**Task statement**
Everything in the listing below from the line containing "A room with" through the line containing "A modern two-story" must be repeated exactly; the remaining lines are not wanted.

START Entries provided

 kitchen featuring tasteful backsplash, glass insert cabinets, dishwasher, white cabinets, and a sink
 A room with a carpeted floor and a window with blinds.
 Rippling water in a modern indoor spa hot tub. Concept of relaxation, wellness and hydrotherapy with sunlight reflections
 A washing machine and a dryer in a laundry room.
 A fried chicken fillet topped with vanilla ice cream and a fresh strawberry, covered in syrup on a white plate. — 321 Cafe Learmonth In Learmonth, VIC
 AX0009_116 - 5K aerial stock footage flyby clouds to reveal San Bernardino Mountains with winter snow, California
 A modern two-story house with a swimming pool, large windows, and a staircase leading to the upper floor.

END Entries provided
START Entries provided

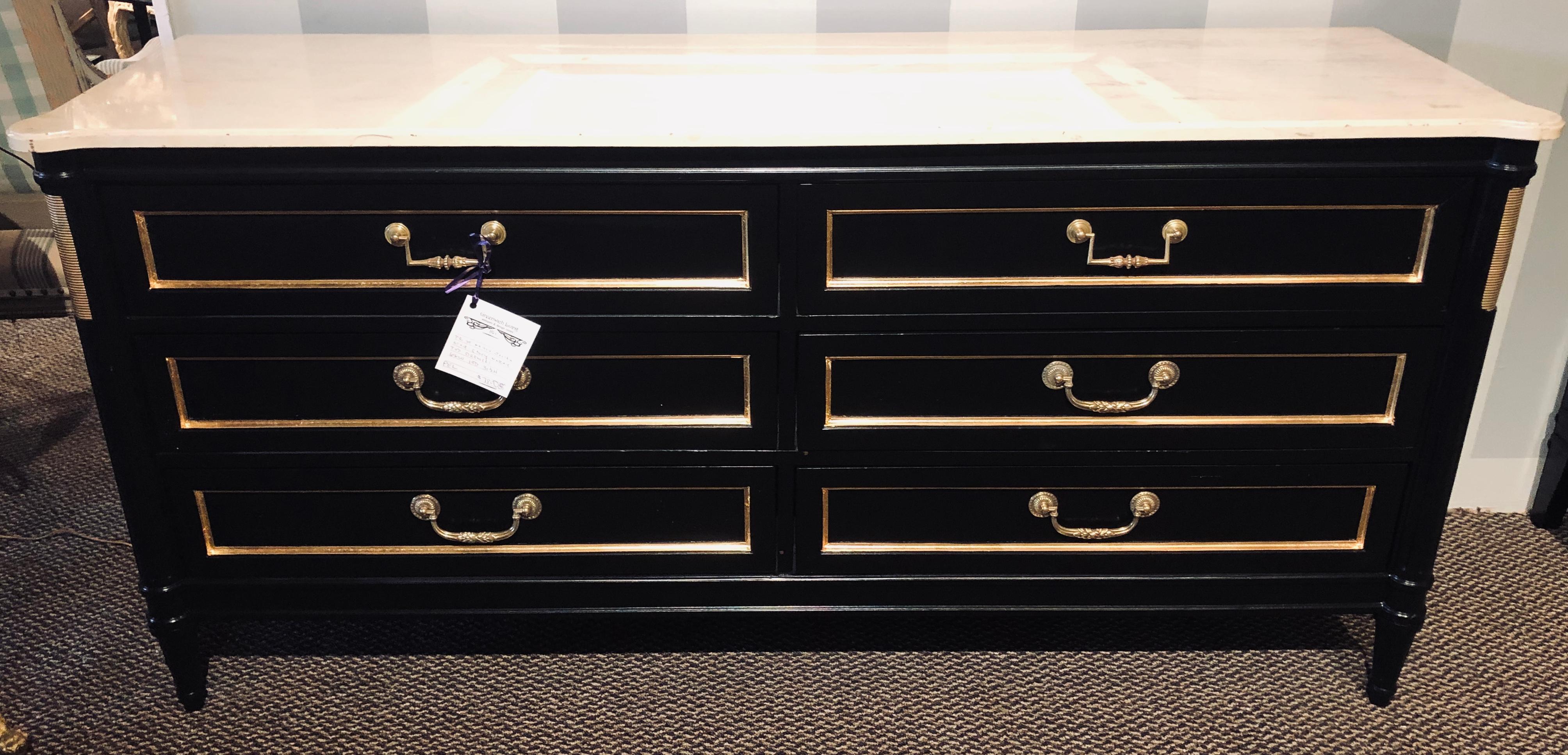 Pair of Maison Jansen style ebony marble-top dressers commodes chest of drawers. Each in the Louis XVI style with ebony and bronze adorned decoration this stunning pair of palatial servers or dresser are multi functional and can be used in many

END Entries provided

**Reply**
 A room with a carpeted floor and a window with blinds.
 Rippling water in a modern indoor spa hot tub. Concept of relaxation, wellness and hydrotherapy with sunlight reflections
 A washing machine and a dryer in a laundry room.
 A fried chicken fillet topped with vanilla ice cream and a fresh strawberry, covered in syrup on a white plate. — 321 Cafe Learmonth In Learmonth, VIC
 AX0009_116 - 5K aerial stock footage flyby clouds to reveal San Bernardino Mountains with winter snow, California
 A modern two-story house with a swimming pool, large windows, and a staircase leading to the upper floor.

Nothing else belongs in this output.